Jato is written in C and aims to be a JIT-only compiler/VM. So before the summer started, it wouldn't run a lot of Java programs. It couldn't even run the trivial "Hello World", but more about that later. It could do a few things like (java.lang.)String operations, but that was mostly because it was riding piggyback on another VM, Jam VM, which would load classes and interpret a lot of the library code (i.e. most of the standard Java API implemented by GNU Classpath).

My own project was to replace the parts that were borrowed from Jam VM with completely new, shiny code. Well, in fact, I had already worked on a standalone library called cafebabe, which would parse the Java .class file and present it to C programs using a very thin layer of structs -- the idea was to do as little as possible with the actual data and just make it easily accessible, e.g. so cafebabe doesn't do any verification of the bytecode or make sure that a class is its own superclass.

So we linked this library with Jato, and that worked pretty well. (I believe strongly in modularisation; with the class loader in a separate library, there's no way to do stupid things like making the class loader itself depend on the rest of the VM for functioning properly.) There were problems, of course, the biggest being that after developing in my own private branch for a couple of weeks, the rest of the project with its three other GSoC student participants was moving ahead too quickly for me to keep up; I had to "fix" just about every new mainline commit, since most of the VM data structures (classes, methods, fields) now had different names, different fields, etc.

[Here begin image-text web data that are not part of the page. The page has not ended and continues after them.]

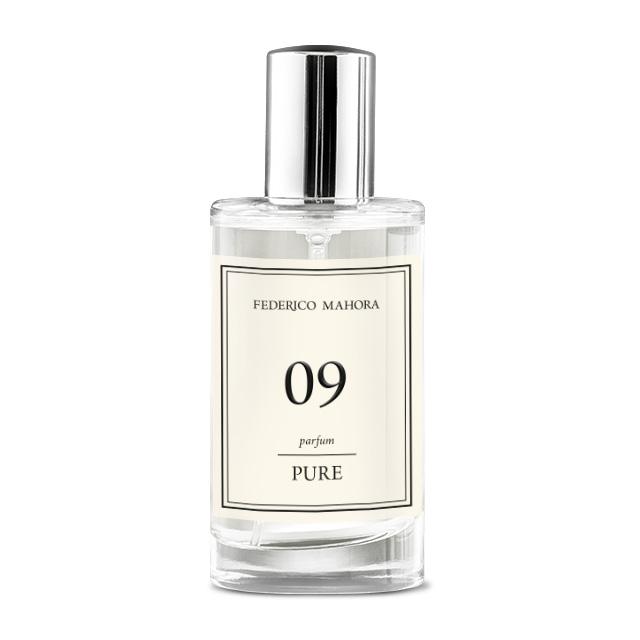 100009.01 - Pure 09 - Perfume femenino 50 ml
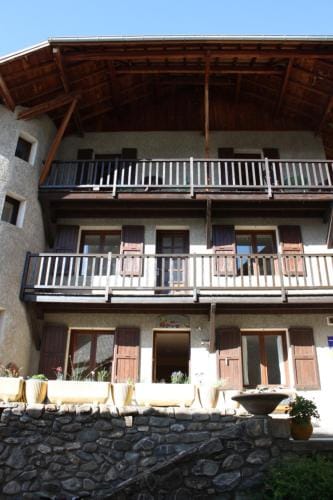La Maison de Josephine Hotel in Piedmont
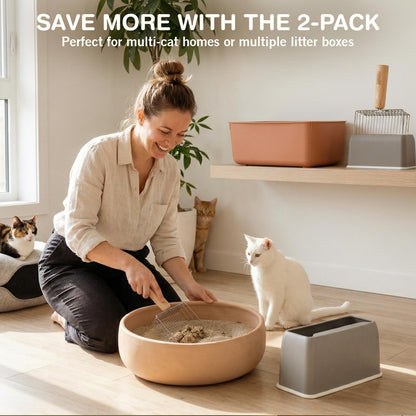Cat Litter Scoop. Chosen for real quality, fits naturally into modern pet homes.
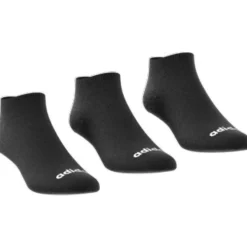 CALZE FANTASMINO LOW CUT 3PP BLACK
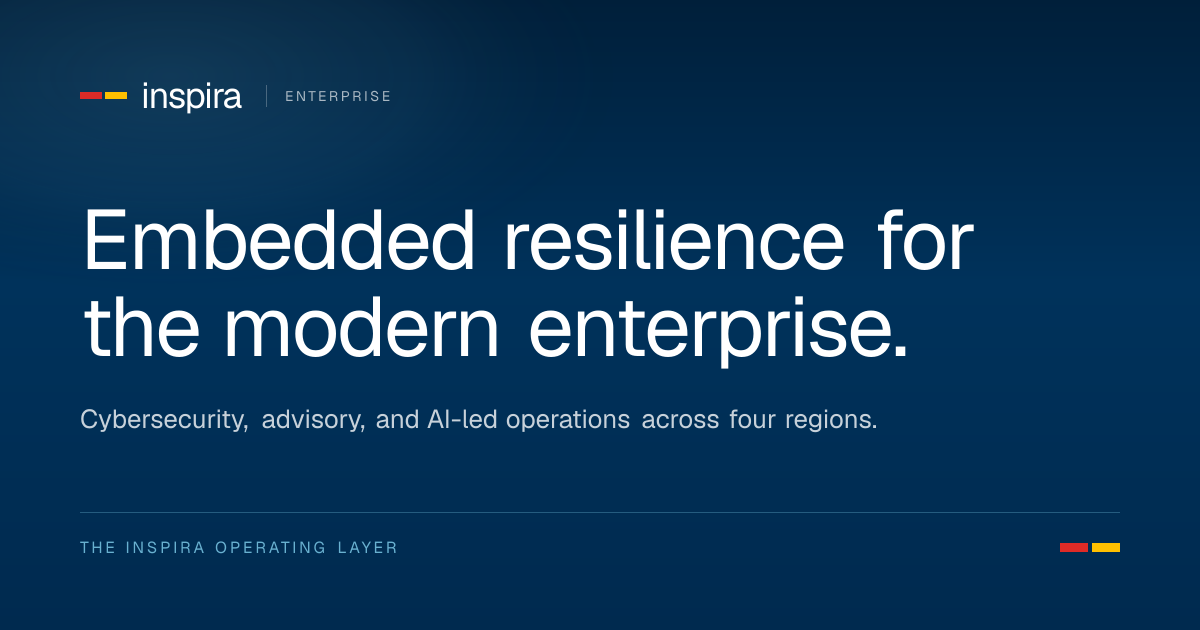 INSPIRA ENTERPRISE INDIA LIMITED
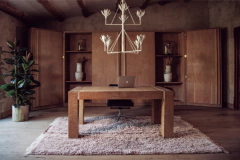 Tapete Spring Spirit - Lorena Canals - CASA CAHAYA - Produção de móveis artesanais e sustentáveis em fibra natural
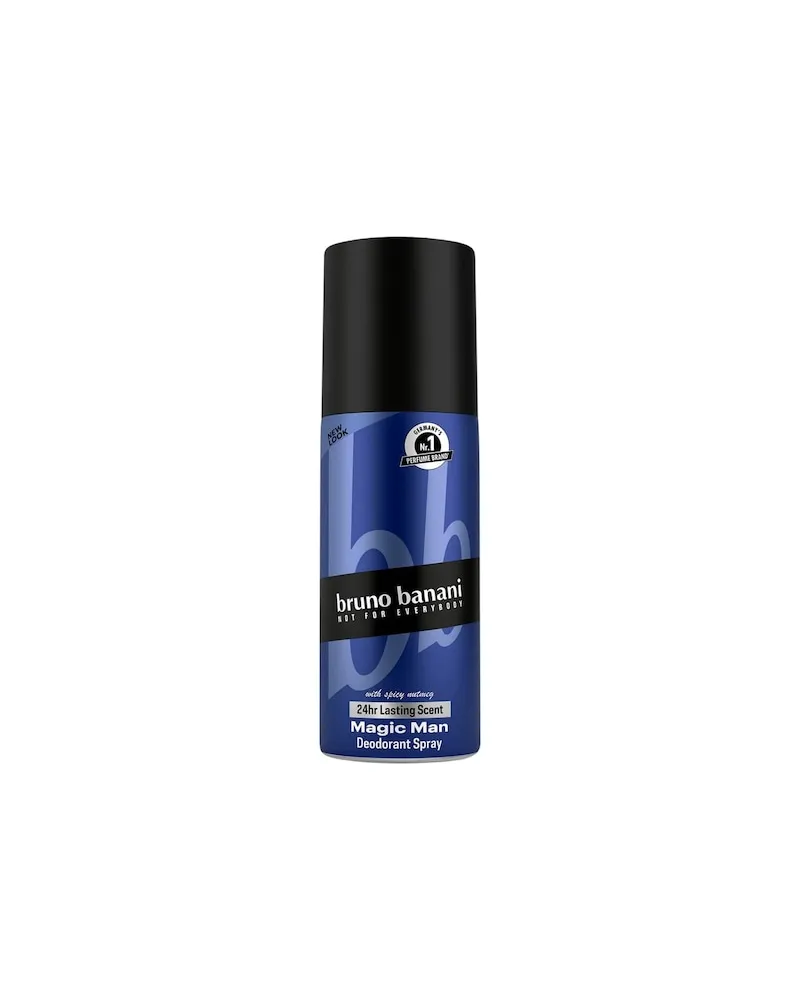 Bruno Banani Bruno-Banani Herrenduefte Magic-ManDeodorant Spray 26,60 € / 1 l 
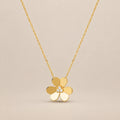 Blossom Pendant Necklace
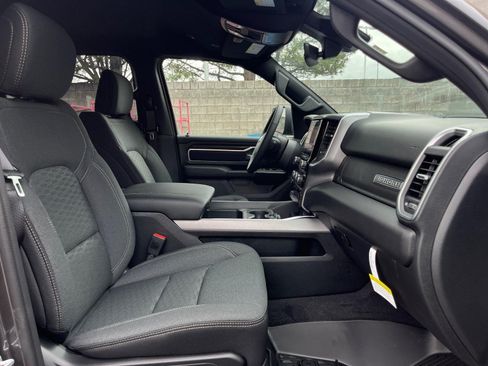 New 2026 RAM 1500 Big Horn AWD/4WD image 26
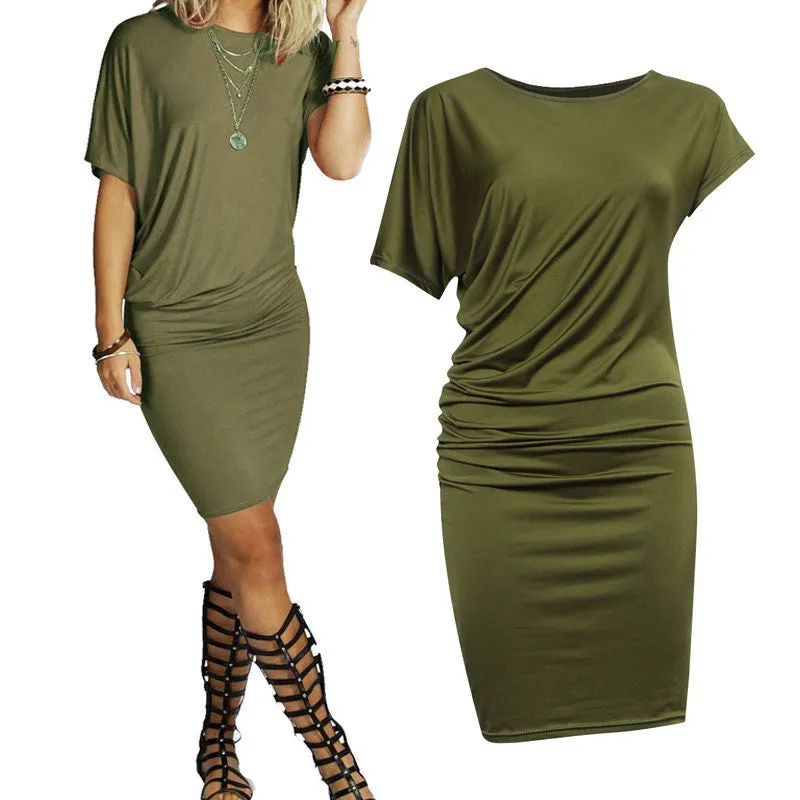 Summer Style Casual Clothing Sexy Vintage Clubwear Evening Party Bandage Bodycon Women's Dresses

At around this point, we started to notice that Jam VM wasn't being used for nearly as little as just class loading. In fact, static initializers (the "<clinit>" methods) and their calls were all being interpreted and executed by Jam VM, not the JIT compiler of Jato. And of course, once we started using Jato for those methods which had previously been executed by Jam VM, we found tons of bugs everywhere: The core VM (mostly my code replacing that of Jam VM), including improperly implemented Java semantics, missing bytecode instruction handlers, and the compiler (instruction selection, liveness analysis, register allocation). But it was fun, and extremely educative.

Did you know that a simple System.out.println() will make a whopping 650550 Java-method calls? That's using GNU Classpath for the Java API.

So we had to implement a lot of stuff just to make that work. In fact, we have so much infrastructure that we can even run a few other programs. And thus it was decided that it was time to make a release. The version 0.0.1 announcement:

http://thread.gmane.org/gmane.comp.java.vm.jato.devel/1725

The "next big" missing feature is garbage collection. I expect that'll be version 0.0.2. In other words, if you're interested in Java, garbage collection, or just compilers in general, you're welcome to join us...

Our team consisted of:
  • Pekka Enberg; Original creator, project manager and mentor.
  • Tomek Grabiec; His original project proposal included implementing exception handling, but he ended up somwhat like Ingo Molnar of the Linux kernel; Tomek also implemented a generic radix tree, implemented the basic threading support (java.lang.Thread), rewrote large parts of the register allocator, wrote the VM side of the JNI interface from scratch, and also did a lot of other core-VM work. Tons of other things too, including a lot of debugging.
  • Arthur Huillet; Floating-point support, register allocator fixes, other missing bytecodes, also a lot of debugging. Various other things.
  • Eduard-Gabriel Munteanu; Ported Jato mostly to x86-64. A tough task, since the i386 parts were moving at close to light speed.